- Directions for this task
Once you find the line with "Spacewood Optima Wardrobe | 3" in the listing below, set down exactly every line from it through the line with "Technology Valuation Solutions", but no pictures.

- Material provided
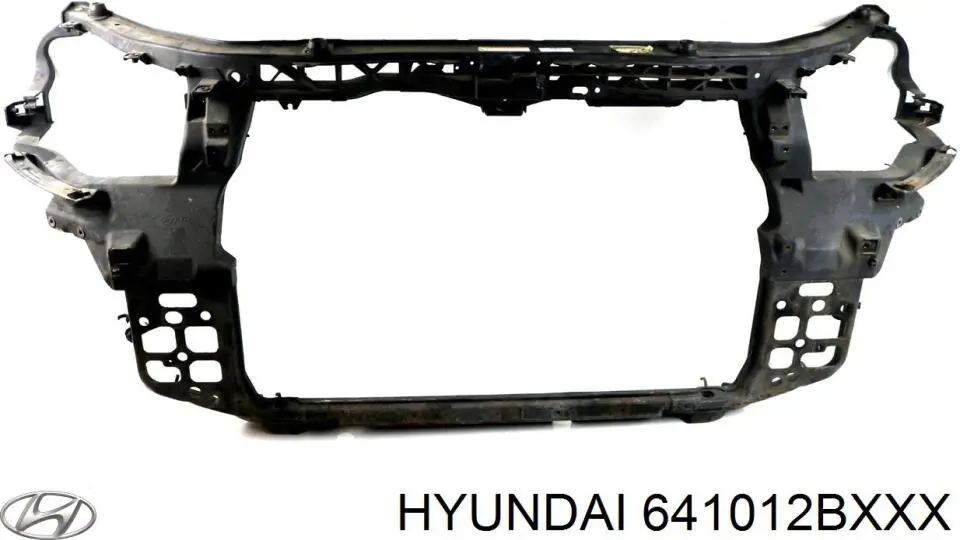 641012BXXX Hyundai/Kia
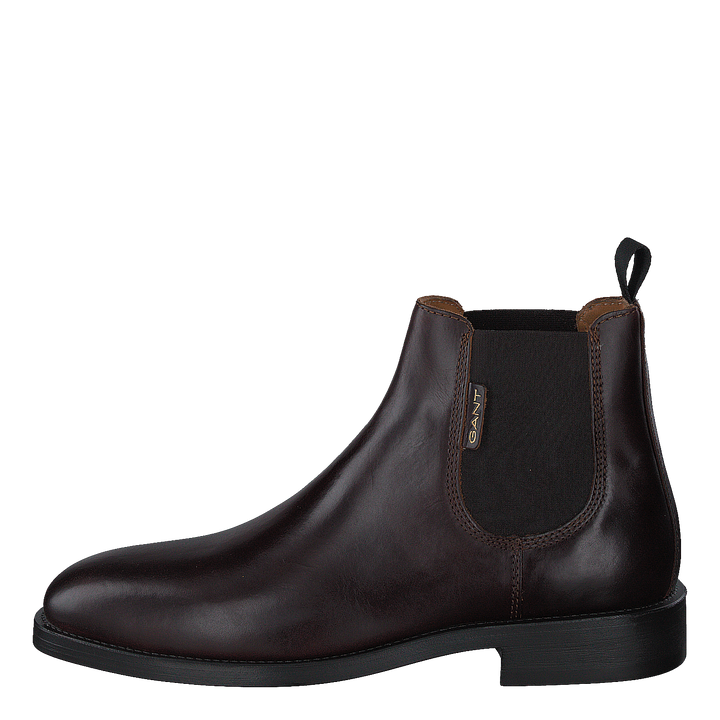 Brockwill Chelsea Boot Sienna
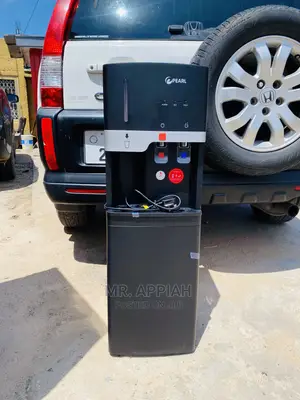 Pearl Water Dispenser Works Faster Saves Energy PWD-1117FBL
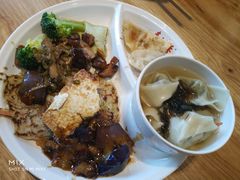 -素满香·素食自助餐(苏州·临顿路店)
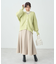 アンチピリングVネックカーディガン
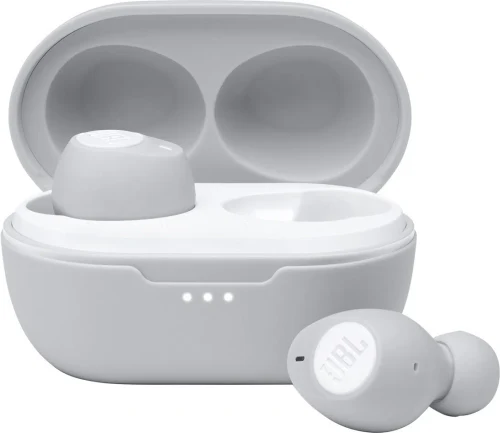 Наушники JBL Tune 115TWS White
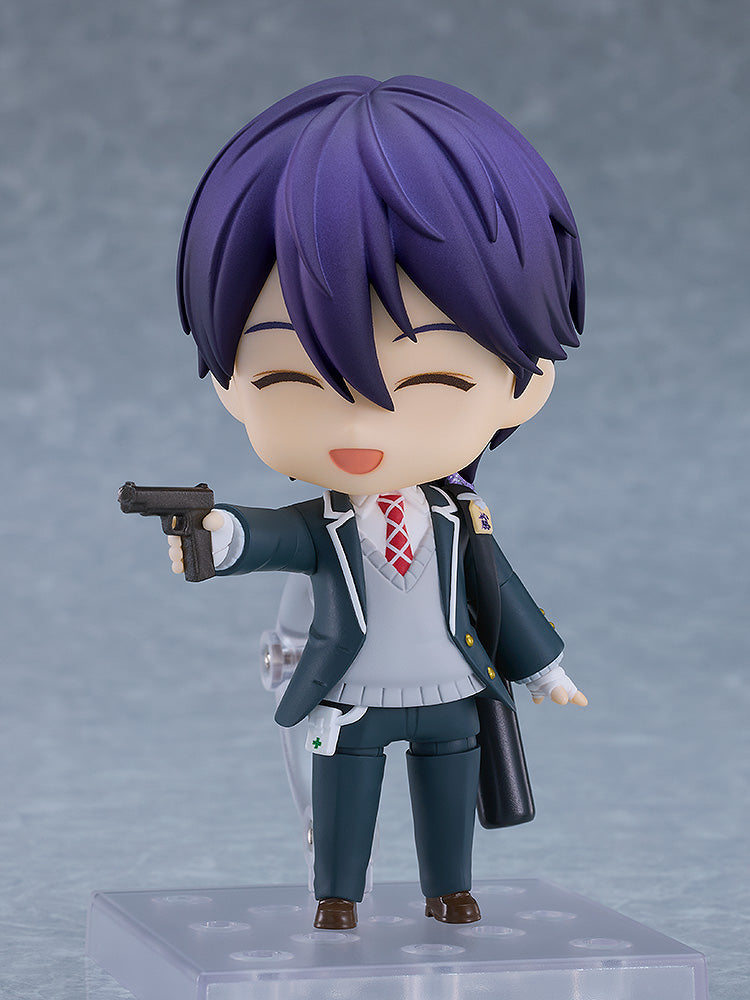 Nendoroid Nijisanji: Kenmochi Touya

* * *

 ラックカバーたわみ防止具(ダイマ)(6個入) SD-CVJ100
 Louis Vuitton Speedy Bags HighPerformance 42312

==

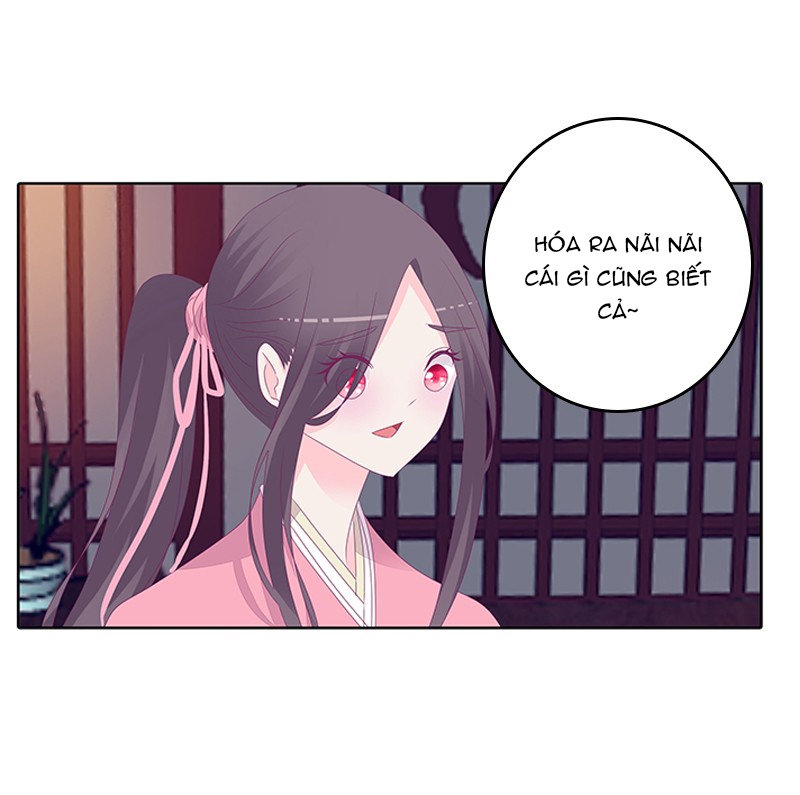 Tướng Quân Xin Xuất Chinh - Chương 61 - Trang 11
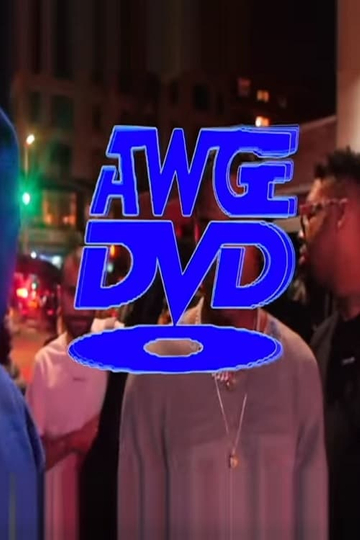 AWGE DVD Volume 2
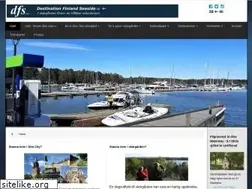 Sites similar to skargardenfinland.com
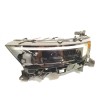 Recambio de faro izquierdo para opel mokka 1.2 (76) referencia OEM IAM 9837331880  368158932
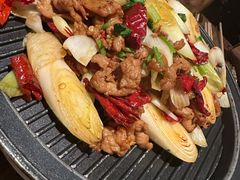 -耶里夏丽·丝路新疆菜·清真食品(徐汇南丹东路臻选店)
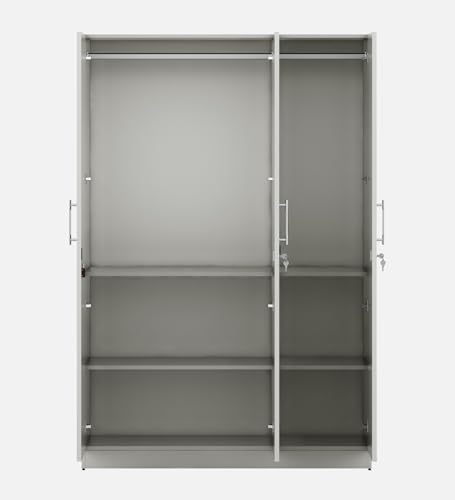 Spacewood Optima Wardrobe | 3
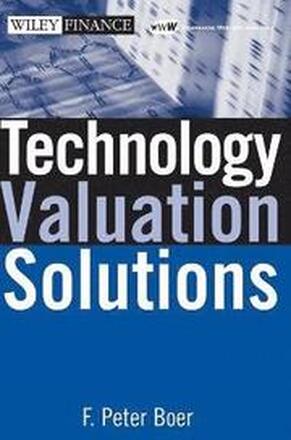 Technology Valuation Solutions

- Completed task
 Spacewood Optima Wardrobe | 3
 Technology Valuation Solutions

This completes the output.